В расцвете нашей дружбы Саша подарил нам с Леной свою книгу с такой надписью: «Дорогим Володе и Лене, без которых не представляю себе своей жизни, с любовью». Это и в самом деле было так – не представлял, и думаю, нашу теперешнюю идейную размолвку переживает остро и безнадежно. Впрочем, и я тоже – стал бы я иначе писать этот роман!

Хотя – стал бы: не в одном Саше дело.

Я опускаю целую главу «Саша – мой лучший друг»: я ее написал, но что-то мешает мне ее опубликовать, что – не знаю. Идиллии, кстати, не получилось, и наши с Сашей прогулки по Петербургу, наши с ним разговоры и наша переписка – все это оказалось с какой-то червоточинкой, с изнанкой, с подводными рифами.
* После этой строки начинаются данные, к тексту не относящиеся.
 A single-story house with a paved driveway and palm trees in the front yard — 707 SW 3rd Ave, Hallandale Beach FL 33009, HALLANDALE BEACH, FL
Либо я пролез в прошлое, как говорит Набоков, с контрабандой настоящего? А можно ли иначе? Косвенный мой взгляд выхватил из прошлого совсем не то, чем прошлое было для меня, когда было настоящим. Или оно было таким, как я его сейчас описал, но тогда я этого не подозревал и только теперь понял? Или и тогда подозревал? Чтобы не вводить читателя в соблазн бесплодной, а потому мучительной софистики, я уничтожаю эту двусмысленную главу – как будто ее и не было. Пусть даже потом я буду об этом жалеть.

Что-то все-таки было в тогдашних наших с Сашей отношениях, чего касаться сейчас я вроде бы не вправе: слишком умышленно, тенденциозно и предвзято гляжу я в прошлое. Прошлое отделилось от материка нашей жизни и превратилось в недоступный остров. У меня нет возможности сверить мои сегодняшние показания с тем, что было с нами на самом деле.

Да и был ли мальчик?..

Саша безошибочно – хоть скорее инстинктивно, чем меркантильно – угадал меня в качестве друга, и я всесоюзной его славе немало способствовал, о чем сейчас не жалею. Его либо не замечали вовсе, либо вяло поругивали. Я был молод, энергичен и безогляден – опубликовал о нем в разных изданиях, от «Юности» и «Комсомольской правды» до «Литературной газеты», с дюжину статей. В эпоху барабанного боя и медных литавр тихий голос Саши показался мне настоящим, а его поэзия – перспективной. И сейчас, когда Сашу дружно хвалят за эпическую мощь, за странолюбие, за антигениальность, за апологию оптимизма и проповедь счастья, несмотря ни на что, я действую согласно прежнему принципу: ругаю его. За странолюбие, за проповедь счастья и безудержный оптимизм, за гармонию на молекулярном уровне, за поэзию без вдохновения, за катарсис без трагедии: «Когда я мрачен или весел, я ничего не напишу. / Своим душевным равновесьем, признаться стыдно, дорожу». Единственное – я до сих пор не понимаю, экономит ли он на душевных расходах либо ему нечего тратить?